According to Deere, one battery charge lasts for up to four operating hours, and it takes about three hours to fully charge the battery.

Comparing fuels such as electric and diesel is by no means a simple exercise (Table 1). Which fuel has the most energy potential: a gallon of diesel fuel or a block of lithium ion batteries? It depends.

Fuel properties comparison

Electricity is a secondary energy source and has to come from somewhere, so the source of the electricity is a key factor in evaluating cost. The batteries that store it are an essential consideration as well – with most being lithium-ion rather than traditional lead acid.

How the energy is used is important, which means looking at a given powertrain and how efficient it is in converting the stored energy (electricity) or potential energy (diesel fuel) into useful mechanical energy.

You can take it a notch further and look at wells-to-wheels analysis, which traces back to the source of the energy, whether it be petroleum diesel fuel or electricity generated from coal-fired power plants or solar and wind-renewable.

If you were able to generate 100 percent of electricity from renewable (solar or wind) sources on the farm and store it in batteries for use in a tractor, that would virtually be an unbeatable setup.

There is no denying electric motors are more efficient than internal combustion engines, with efficiency in the 90 percent range. There are no mechanical losses due to friction or pumping losses from the combustion process since an electric motor has no moving parts or combustion.

There are minor losses of efficiency from the conversion from direct current to alternating current, releasing and storing electricity in a battery, transmitting the electricity and generating it from a power plant. Electricity rates are highly variable across the country and depend on the source of power, the load and demand factors in the market, and other economic conditions.

The greatest technical issues for electricity as prime power for farm tractors and machines comes down to storage of energy in batteries and the trade-offs of the batteries’ weight versus range of operation, all-weather performance, recharging time and life-cycle issues, since most farm equipment is in service for many years.

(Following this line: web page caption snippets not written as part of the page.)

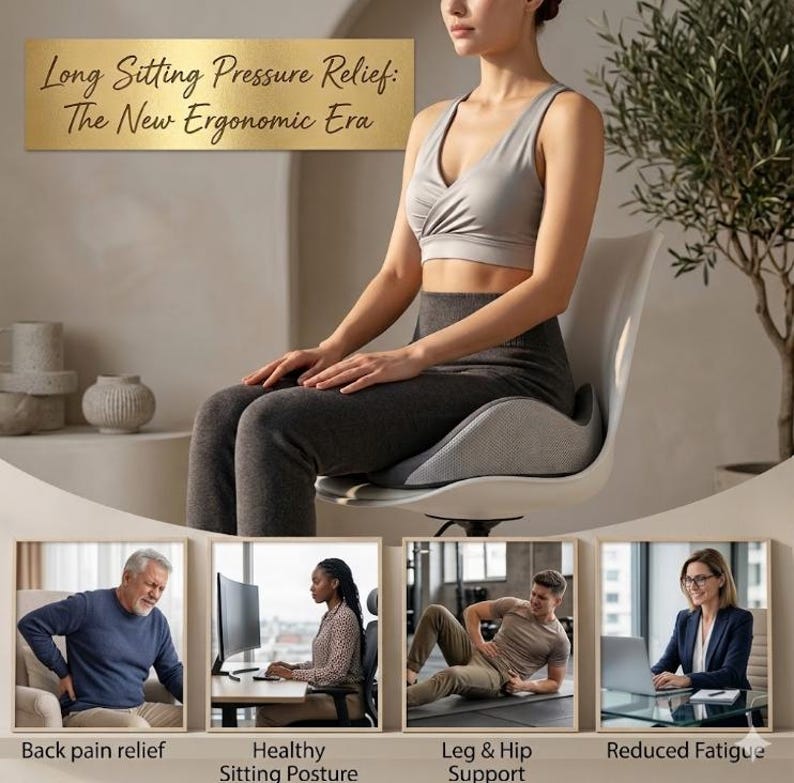 Ergonomic and orthopedic memory foam cushion for the coccyx and back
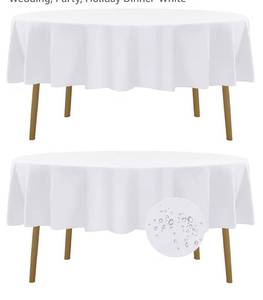 lot 8476 image: Fokitut 2 Pack Waterproof Round Tablecloth, 60 Inch, Stain Resistant and Wrinkle Polyester Table Cloth, Fabric Table Cover for Kitchen Dining, Wedding, Party, Holiday Dinner-White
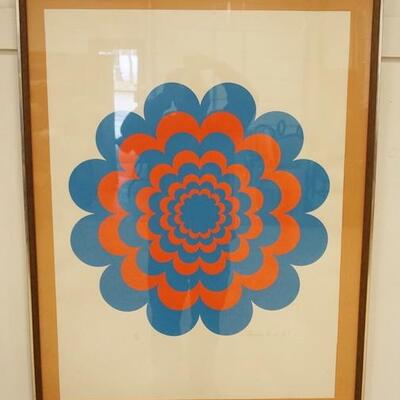 1010	BMAN RICE OP ART LIMITED EDITION PRINT 1967, NO. 64 OF 70. 31 1/4 IN X 41 1/4 IN INCLUDING FRAME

What can we learn from electrification trends in the auto world? Electric cars are targeted in densely populated urban areas with air pollution problems, where driving range is limited and generous federal and state incentives to acquire vehicles and install upgraded charging infrastructure have been available.

In 2016, auto sales hit 17.465 million units in the U.S. Of those, there were about 84,000 battery electric and about 72,000 plug-in hybrid vehicles sold – combined representing just 0.8 percent of all vehicles sold last year.

Clearly, the same motivators for electric cars are not the same as those encountered on the farm. Before we see electric engines replacing diesel as the prime power in farming, we’d have to see a clear cost advantage and a compelling economic case for the benefits of investing in the technology.

Major breakthroughs in battery technology would accelerate these kinds of considerations because this is arguably the most limiting factor at the moment. But diesel power is not standing still either, with improving efficiency and the connection to using renewable biodiesel fuels.

Rest assured, however, that tractor and machine manufacturers are always thinking one and two steps ahead.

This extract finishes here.